Q: What is a Throttle Position Sensor (TPS)?
A: A throttle position sensor (TPS) is a device that monitors the air intake of an internal combustion engine. It measures the position of the throttle valve in order to control engine speed and fuel efficiency. The TPS is usually located on the throttle body or intake manifold.

Q: What are the symptoms of a bad Throttle Position Sensor?
A: Common symptoms of a bad TPS include engine not starting or stalling, poor fuel economy, erratic performance, and a check engine light illuminated.

Q: What are common causes of faulty Throttle Position Sensors?
A: Common causes of faulty TPS include clogged air filters, vacuum leaks, excessive oil contamination, and electrical issues.

Q: What is the cost of replacing or repairing Honda Accord TPS?
A: The cost of replacing or repairing Honda Accord TPS can vary depending on the type and model. Generally speaking, it can range anywhere from $100 to $400 for parts and labor.

Q: How can I prevent future problems with my Honda Accord TPS?
A: To prevent future problems with your Honda Accord TPS, it is important to have regular maintenance checks and services done. Additionally, make sure to check all connections and harnesses for any signs of wear or damage.

In conclusion, Honda Accord throttle position sensor problems can be a major issue for owners of this vehicle. If the sensor malfunctions, it can lead to poor engine performance and decreased fuel efficiency. Fortunately, replacing the sensor is relatively simple and inexpensive, so if your Honda Accord is showing signs of trouble, it may be worth considering replacing the throttle position sensor as a first step in diagnosing and resolving your issue.

Author Profile

Carl Frisch
Carl Frisch
With more than 30 years in the bicycle industry, I have a strong background in bicycle retailing, sales, marketing and customer service. I have a passion for cycling and a dedication to excellence.
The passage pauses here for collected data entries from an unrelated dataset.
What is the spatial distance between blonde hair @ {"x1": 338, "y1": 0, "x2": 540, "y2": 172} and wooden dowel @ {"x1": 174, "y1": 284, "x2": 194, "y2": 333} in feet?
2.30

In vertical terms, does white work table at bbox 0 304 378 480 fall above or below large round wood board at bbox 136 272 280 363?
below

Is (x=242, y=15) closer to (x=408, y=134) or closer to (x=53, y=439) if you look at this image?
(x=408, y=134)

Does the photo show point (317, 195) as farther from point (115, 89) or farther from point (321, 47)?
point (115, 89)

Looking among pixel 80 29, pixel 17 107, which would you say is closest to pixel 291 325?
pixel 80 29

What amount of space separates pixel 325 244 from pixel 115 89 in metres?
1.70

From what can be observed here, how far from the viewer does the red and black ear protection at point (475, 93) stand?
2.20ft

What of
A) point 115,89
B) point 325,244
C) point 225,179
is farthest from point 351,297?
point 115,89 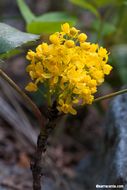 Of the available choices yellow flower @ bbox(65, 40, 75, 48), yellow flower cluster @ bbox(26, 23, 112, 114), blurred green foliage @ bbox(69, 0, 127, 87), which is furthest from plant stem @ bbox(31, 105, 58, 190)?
blurred green foliage @ bbox(69, 0, 127, 87)

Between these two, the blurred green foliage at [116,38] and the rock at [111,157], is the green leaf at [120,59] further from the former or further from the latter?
the rock at [111,157]

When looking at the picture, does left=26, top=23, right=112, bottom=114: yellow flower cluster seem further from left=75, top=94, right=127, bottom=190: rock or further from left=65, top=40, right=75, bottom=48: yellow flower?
left=75, top=94, right=127, bottom=190: rock

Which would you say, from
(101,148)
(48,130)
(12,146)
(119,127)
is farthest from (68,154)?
(48,130)

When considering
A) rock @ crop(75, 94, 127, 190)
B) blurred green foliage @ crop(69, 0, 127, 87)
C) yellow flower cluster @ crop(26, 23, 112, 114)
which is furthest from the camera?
blurred green foliage @ crop(69, 0, 127, 87)

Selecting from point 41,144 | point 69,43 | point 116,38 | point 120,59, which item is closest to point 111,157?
point 41,144

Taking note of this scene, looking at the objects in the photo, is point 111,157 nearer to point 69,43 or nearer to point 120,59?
point 69,43

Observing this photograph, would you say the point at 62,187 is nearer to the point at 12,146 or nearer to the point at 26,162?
the point at 26,162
As a manager, I worked diligently to increase my capabilities and responsibilities, managing up to eleven mechanics (at Palo Alto Bicycles) and later as a working partner in my own store.

As the shop owner of Spoke n’ Word Cycles in Socorro, NM, the success of the mission was my responsibility, which I pursued passionately since we opened in 2003 through the spring of 2011. I am adept at managing owned and loan inventory, preparing weekly & annual inventory statements, and managing staff. The role as managing partner also allowed me tremendous freedom. I used this personal freedom to become more deeply involved in my own advancement as a mechanic, to spearhead local trail building, and advocating for cycling both locally and regionally.
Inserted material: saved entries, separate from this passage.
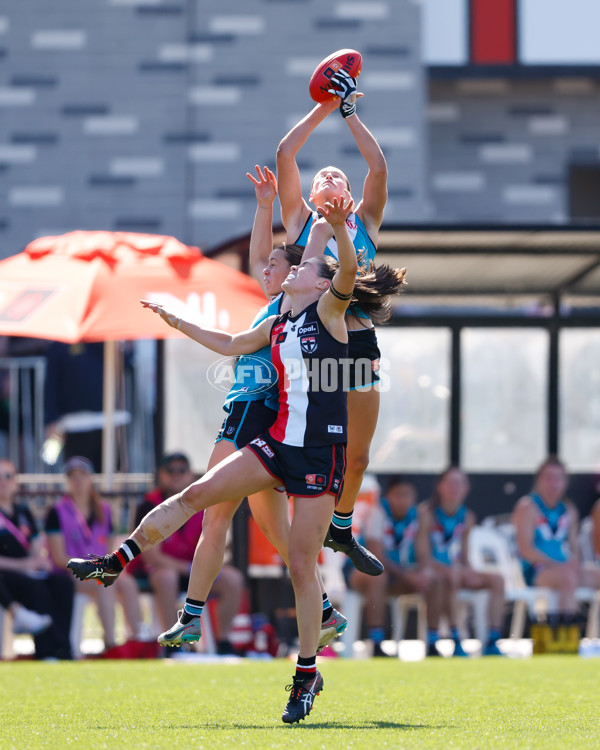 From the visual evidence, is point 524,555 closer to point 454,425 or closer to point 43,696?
point 454,425

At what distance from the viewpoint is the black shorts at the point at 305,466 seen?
16.6ft

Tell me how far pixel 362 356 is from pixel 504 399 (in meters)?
5.62

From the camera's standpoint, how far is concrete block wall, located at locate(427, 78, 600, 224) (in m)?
13.3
As a mechanic, I have several years doing neutral support, experience as a team mechanic, and experience supporting local rides, races, club events. I consistently strive to ensure that bicycles function flawlessly by foreseeing issues and working with the riders, soigners, coaches and other mechanics. Even with decades of experience as a shop mechanic and team mechanic, and continue to pursue greater involvement in this sport as a US Pro Mechanic, and UCI Pro Mechanic.